Cilacap (ANTARA News) - Terpidana kasus terorisme Abu Bakar Baasyir dalam memori peninjauan kembali (PK) yang dibacakan secara bergantian oleh tim penasihat hukumnya mengaku tidak tahu ada latihan militer di Aceh.
"Pemohon PK atau terdakwa (Baasyir, red.) baru mengetahui adanya latihan militer (di Aceh) setelah diperlihatkan oleh saksi Lutfi Haidaroh.

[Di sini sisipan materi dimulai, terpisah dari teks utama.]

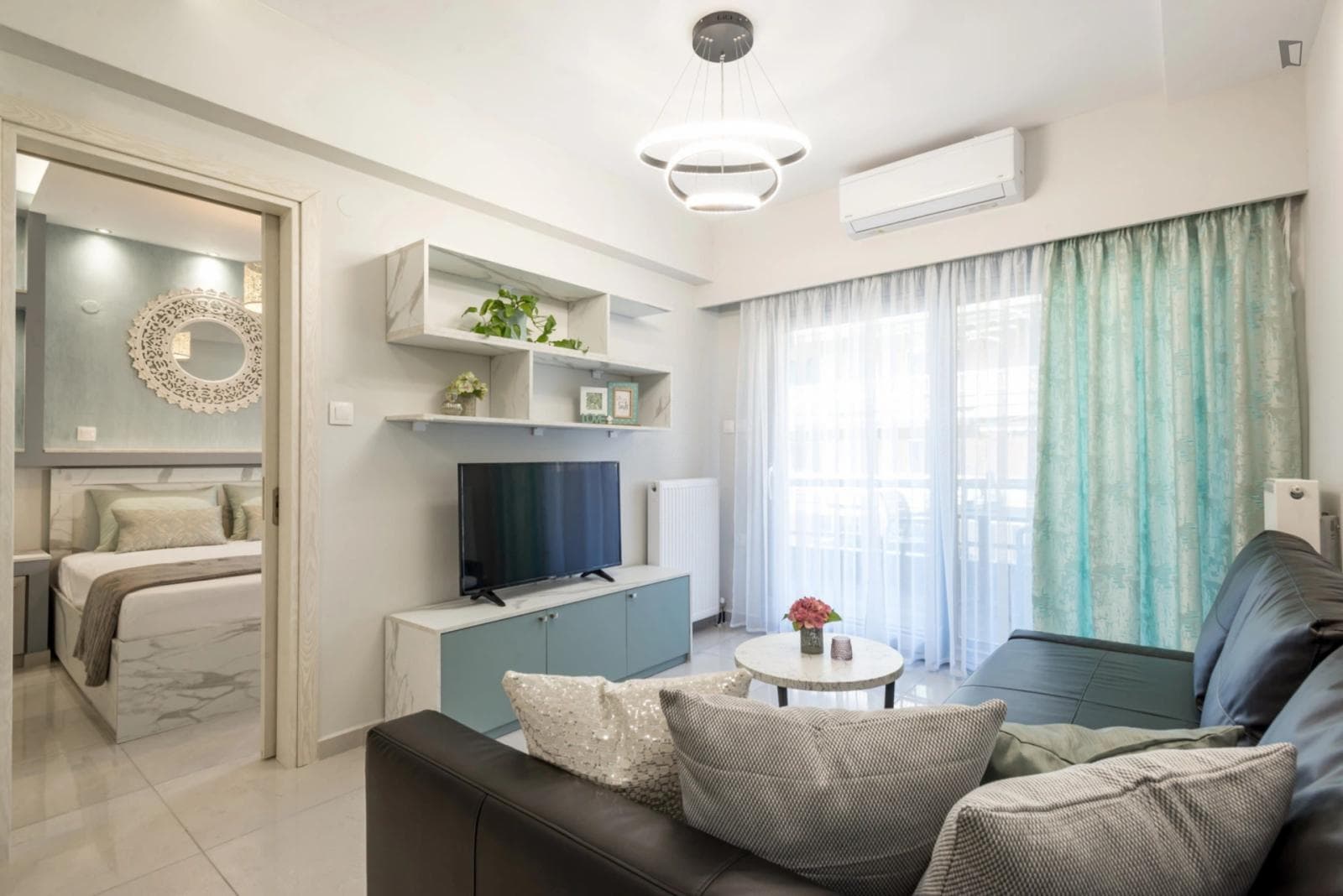 Luxury 1 bedroom apartment in Peraia with a sea view photo 1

Diperlihatkan video latihan militer yang sebelumnya video tersebut telah lama beredar di masyarakat," kata salah seorang anggota tim penasihat hukum, Mahendradatta saat membacakan memori PK yang diajukan Baasyir di Pengadilan Negeri Cilacap, Jawa Tengah, Selasa.
Memori PK tersebut dibacakan secara bergantian oleh anggota tim penasihat hukum Baasyir, yakni Achmad Michdan dan Mahendradatta dalam sidang PK dengan majelis hakim yang diketuai Nyoto Hindaryanto serta beranggotakan Zulkarnaen dan Akhmad Budiman.

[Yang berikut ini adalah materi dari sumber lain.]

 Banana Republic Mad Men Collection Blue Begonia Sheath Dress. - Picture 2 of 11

Sidang tersebut juga menghadirkan jaksa penuntut umum dari Kejaksaan Negeri Jakarta Selatan yang terdiri atas Mayasari, Nana Wiyana, dan Rahmat Sori.
Lebih lanjut, Mahendratta mengatakan bahwa pada saat itu, Baasyir tidak menyetujui adanya latihan militer dengan menggunakan senjata sebagaimana dalam sebutan "idad".
Dalam hal ini, kata dia, "idad" adalah persiapan untuk membela agama termasuk bela negara atau bela diri sebagai bentuk tindakan pertahanan diri.
Menurut dia, kegiatan tersebut merupakan latihan bela agama atau negara apabila sewaktu-waktu mendapatkan serangan dari pihak musuh yang menyerang menggunakan kekerasan.
"Pemohon PK sudah sepuh (tua, red.), tidak memungkinkan lagi sebagai peserta latihan militer, sehingga tidak patut pemohon PK dijatuhi pidana lebih berat dari empat terpidana yang mempunyai peran lebih besar dalam latihan militer," katanya.
Dia mencontohkan terpidana Lutfi Haidaroh alias Ubaid yang dihukum 10 tahun penjara karena memiliki peran sebagai pengumpul atau bendahara dari latihan militer di Aceh, terpidana Deni Suranto yang merupakan Sekretaris Jamaah Ansharut Tauhid (JAT) Pusat dan menjadi peserta pelatihan di Aceh dihukum 12 tahun penjara, terpidana Agus Kasdianto selaku peserta pelatihan dihukum selama sembilan tahun, serta terpidana Joko Sulistyo alias Mahfud selaku peserta dan pelatih pada pelatihan di Aceh dihukum 14 tahun penjara termasuk Komarudin dihukum pidana 10 tahun penjara.
Sementara peran pemohon PK, kata dia, berdasarkan fakta persidangan tingkat pertama adalah infak "fisabilillah" untuk kepentingan "idad" bukan untuk terorisme namun dipidana 15 tahun penjara.
Menurut dia, pemohon PK berperan menghimpun dana untuk infak bagi korban atau kaum muslimin di Palestina.
Terkait hal itu, Mahendradatta mengharapkan Majelis Hakim Agung berkenan menerima permohonan PK yang diajukan Baasyir, membatalkan putusan Mahkamah Agung Republik Indonesia Nomor 2442 K/Pid.Sus/2011 tanggal 27 Februari 2012, mengadili kembali, dan menyatakan pemohon PK dibebaskan dari segala dakwaan serta merehabilitasi dan mengembalikan hak-haknya secara penuh seperti semula.
Selain itu, kata dia, memerintahkan pemohon PK agar segera dilepaskan dari lembaga pemasyarakatan dan menghukum jaksa penuntut umum untuk membayar biaya perkara.
Usai pembacaan memori PK, Baasyir berkesempatan membacakan keterangan tambahan terkait PK yang dia ajukan.
Dalam keterangan tambahan tersebut, Baasyir mengutip sejumlah surat dalam Al Quran dan hadis Nabi Muhammad SAW.
Setelah mendengarkan keterangan tambahan tersebut majelis hakim mempersilakan jaksa penuntut umum untuk memberikan tanggapan.
Oleh karena adanya keterangan tambahan dari Baasyir, jaksa memohon kepada majelis hakim untuk memberi waktu selama dua pekan guna menyusun tanggapan tersebut.
Terkait hal itu, majelis hakim memutuskan sidang dilanjutkan pada tanggal 26 Januari 2016 untuk mendengarkan tanggapan dari jaksa dan keterangan dari saksi yang diajukan penasihat hukum.